Task goal: Pictures are to be omitted; everything else in the data must be transcribed exactly.
[[ Supplied information, beginning ]]
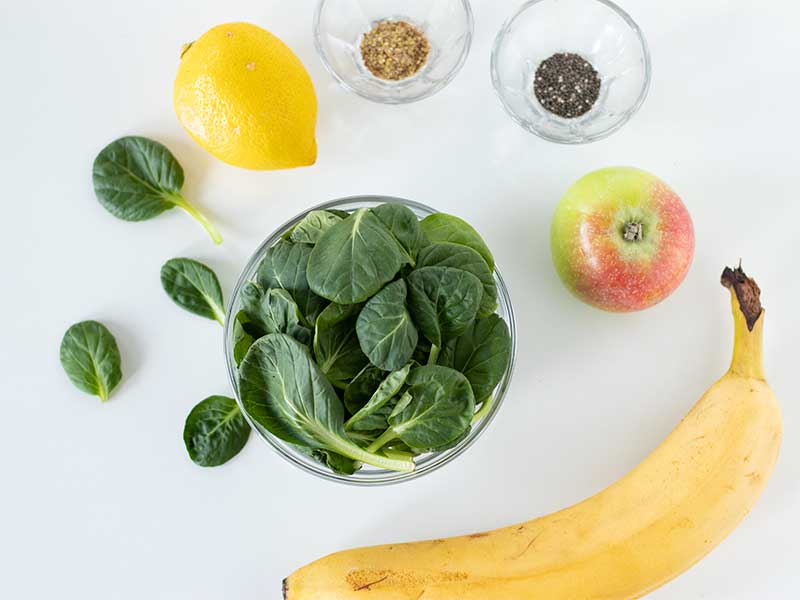 Wholesome plant-based ingredients for making homemade vegan banana spinach smoothie for breakfast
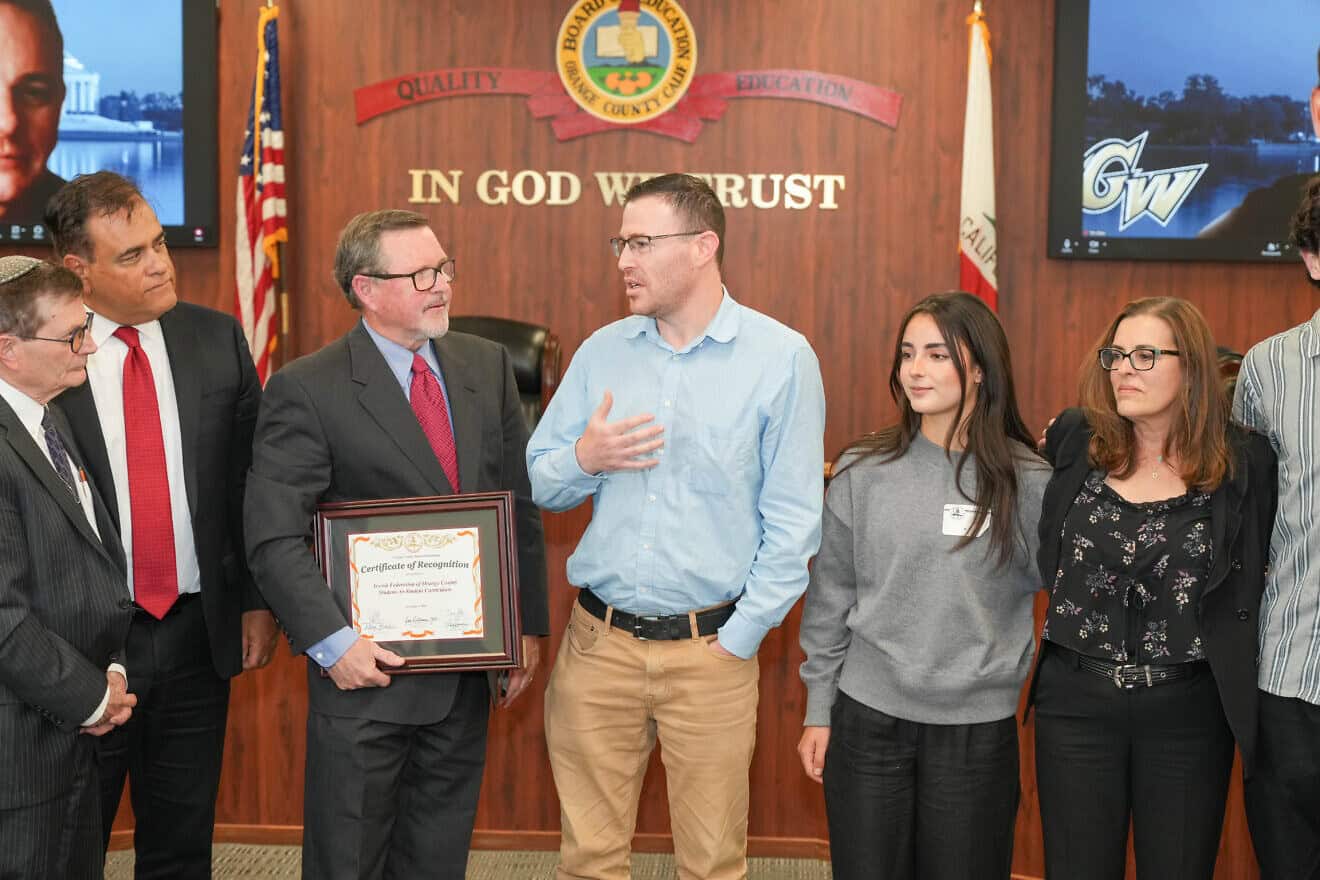 Attending an Orange County Board of Education meeting are, from left, Jerry Isaac-Shapiro, senior director of the Rose Project;
Board of Education trustee Jorge Valdes; Board of Education trustee Ken L. Williams, Jr.; Chen Shterenbach, director of community relations and the Rose Project; high school student Mia Ben Zvi; and, Student-to-Student coordinator Robin Steinmetz. Photo by John Wolfsohn, Jewish Federation of Orange County.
[[ Supplied information, end ]]
The completed task:
 Wholesome plant-based ingredients for making homemade vegan banana spinach smoothie for breakfast
 Attending an Orange County Board of Education meeting are, from left, Jerry Isaac-Shapiro, senior director of the Rose Project;
Board of Education trustee Jorge Valdes; Board of Education trustee Ken L. Williams, Jr.; Chen Shterenbach, director of community relations and the Rose Project; high school student Mia Ben Zvi; and, Student-to-Student coordinator Robin Steinmetz. Photo by John Wolfsohn, Jewish Federation of Orange County.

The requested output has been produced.